It also trimmed its full-year 2016 projection by 180 MMcf/d to 77.33 Bcf/d, some 1.4 Bcf/d below the 2015 average, in the first decline since 2005, the outlook said. As activity picks up starting in November and continuing next year, however, EIA projects production in 2017 will rise by an average of 2.9 Bcf/d from 2016 levels.
On the demand side, EIA lowered its estimate for US gas consumption in the fourth quarter by 1.51 Bcf/d to 76.9 Bcf/d and its estimate for the first quarter of 2017 by 430 MMcf/d to 92.26 Bcf/d. The agency said demand for US gas for the full year is expected to average 75.66 Bcf/d -- 310 MMcf/d below last month's estimate -- compared with 74.81 Bcf/d in 2015.
The agency continued to project rising gas prices over the next year, amid growing consumption, pipeline exports to Mexico and LNG exports. The November outlook projected Henry Hub spot gas prices would rise from an average of $2.50/MMBtu in 2016 to $3.12/MMBtu in 2017.
It lowered its projection for fourth-quarter Henry Hub spot gas prices by 5 cents to $2.99/MMBtu and its first-quarter 2017 estimate by 4 cents to $3.25/MMBtu. EIA's 2017 estimate, however, rose 5 cents to $3.12/MMBtu.
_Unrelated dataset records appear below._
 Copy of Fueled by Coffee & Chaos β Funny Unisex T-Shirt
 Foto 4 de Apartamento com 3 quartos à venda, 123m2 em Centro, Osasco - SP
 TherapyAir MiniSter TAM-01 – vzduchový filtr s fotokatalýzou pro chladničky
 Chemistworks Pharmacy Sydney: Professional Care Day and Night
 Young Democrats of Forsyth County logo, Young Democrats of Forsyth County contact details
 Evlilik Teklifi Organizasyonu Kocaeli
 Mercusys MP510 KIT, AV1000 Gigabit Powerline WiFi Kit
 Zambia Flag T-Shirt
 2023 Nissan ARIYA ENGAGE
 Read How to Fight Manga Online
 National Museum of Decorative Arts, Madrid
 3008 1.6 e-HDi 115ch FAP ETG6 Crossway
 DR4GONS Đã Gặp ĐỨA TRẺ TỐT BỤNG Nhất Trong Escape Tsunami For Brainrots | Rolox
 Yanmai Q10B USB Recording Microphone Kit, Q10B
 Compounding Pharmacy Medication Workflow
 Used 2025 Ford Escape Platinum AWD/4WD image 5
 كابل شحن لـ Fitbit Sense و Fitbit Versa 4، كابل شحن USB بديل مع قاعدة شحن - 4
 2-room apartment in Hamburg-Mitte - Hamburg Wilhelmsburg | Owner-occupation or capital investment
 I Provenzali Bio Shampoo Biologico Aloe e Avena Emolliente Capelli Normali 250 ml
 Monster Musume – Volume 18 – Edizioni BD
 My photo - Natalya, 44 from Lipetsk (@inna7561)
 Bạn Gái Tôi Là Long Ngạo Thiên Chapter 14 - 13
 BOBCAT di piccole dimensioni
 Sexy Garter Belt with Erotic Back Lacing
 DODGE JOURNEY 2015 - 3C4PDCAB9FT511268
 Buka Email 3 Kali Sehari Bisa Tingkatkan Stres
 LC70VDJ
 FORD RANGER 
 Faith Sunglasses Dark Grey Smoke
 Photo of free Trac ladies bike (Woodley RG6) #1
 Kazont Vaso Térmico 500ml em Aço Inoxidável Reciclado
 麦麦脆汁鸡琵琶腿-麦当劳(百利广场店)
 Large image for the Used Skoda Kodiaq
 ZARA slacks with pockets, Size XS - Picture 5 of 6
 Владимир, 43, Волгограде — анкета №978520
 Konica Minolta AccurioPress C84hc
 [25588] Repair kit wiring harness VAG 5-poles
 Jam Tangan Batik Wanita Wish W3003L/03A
Reflecting on price declines in Henry Hub prices in October, the outlook said: "Warmer-than-normal temperatures in the [US] during October led to lower-than-expected heating degree days, putting downward pressure on natural gas demand and prices."
But it said the lower demand did not translate into added storage builds, noting that working gas storage rose by 71 Bcf/week in October, compared with a five-year average of 79 Bcf/week for the month.
Also, the price difference between the November and January gas futures contracts hit 40 cents/MMBtu, the highest level in October since 2012, EIA said. The wider spread likely reflects the difference between current warmer-than-normal temperatures and expectations for colder temperatures during the winter, in contrast to comparisons last year, EIA said.
"EIA is currently forecasting about 21% of US natural gas consumption in December, January, and February to be drawn from inventories, slightly higher than the five-year average," it said.
Continuing to monitor shifting shares of power generation, the agency lowered its projection of the slice of the US utility-scale generation pie from gas to an average of 34% this year, compared with 35% in last month's outlook, but kept the share from coal at 30%. In 2017, it also lowered the projected share from gas to 33% from 34% estimated last month, but it kept coal's share constant at 31% of the mix.
Overall, it estimated that generation from utility-scale plants will reach 11.2 TWh in 2016, 0.2% above 2015 levels.